There’s another element in the euro crisis, another weakness of a shared currency, that took many people, myself included, by surprise. It turns out that countries that lack their own currency are highly vulnerable to self-fulfilling panic, in which the efforts of investors to avoid losses from default end up triggering the very default they fear.
This is an economics book by the Nobel awarded economist, Paul Krugman, where he presents his neo-Keynesian ideas in dealing with the 2008–2012 global recession. Krugman sees as the solution to economic crisis an increase in government expenditure, to balance the consumer decline in purchasing and reignite the economy. Government expenditure is made by the central bank (Federal Reserve in the US) creating money, with which governmental bonds, for example, are purchased, which in turn are used to make governmental projects or purchases.
In the European Union, the central bank bought eurobonds and company bonds, that is corporate debt, debt used by companies for investment or keeping production, in order to stop the vicious circle.

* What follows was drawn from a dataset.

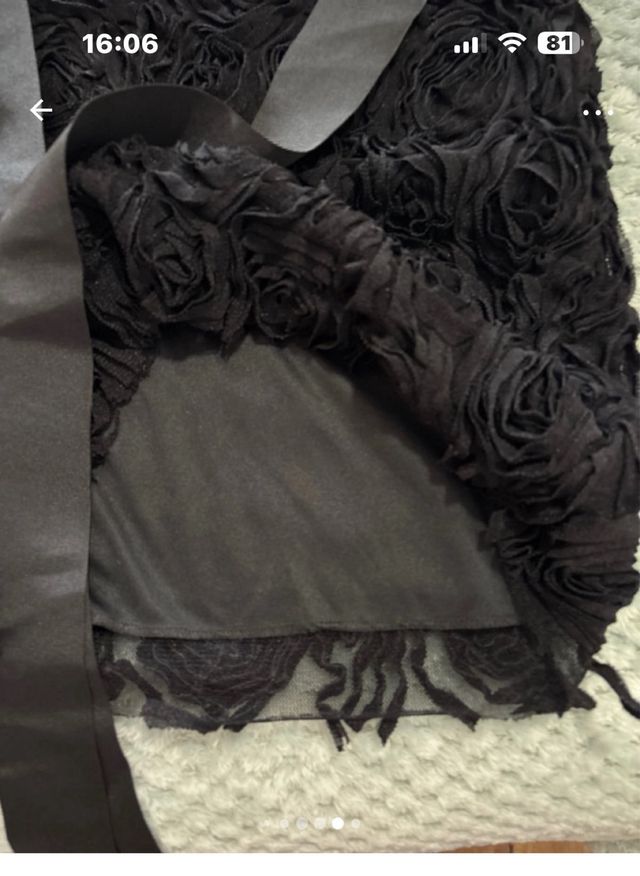 Vestido de fiesta, elastico con forro y lazada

The US indeed had an expansionary economy, but Professor Krugman considered that the level of government expenditure was not enough to alleviate the consequences of the economic crisis. Ben Bernanke, the Federal Reserve Chairman, was a history economist and an expert in the Great Depression.
For the austerity policies adopted in several countries of the European Union, he considered that they only create unnecessary pain, calling for the stop of austerity and the end of economic depression.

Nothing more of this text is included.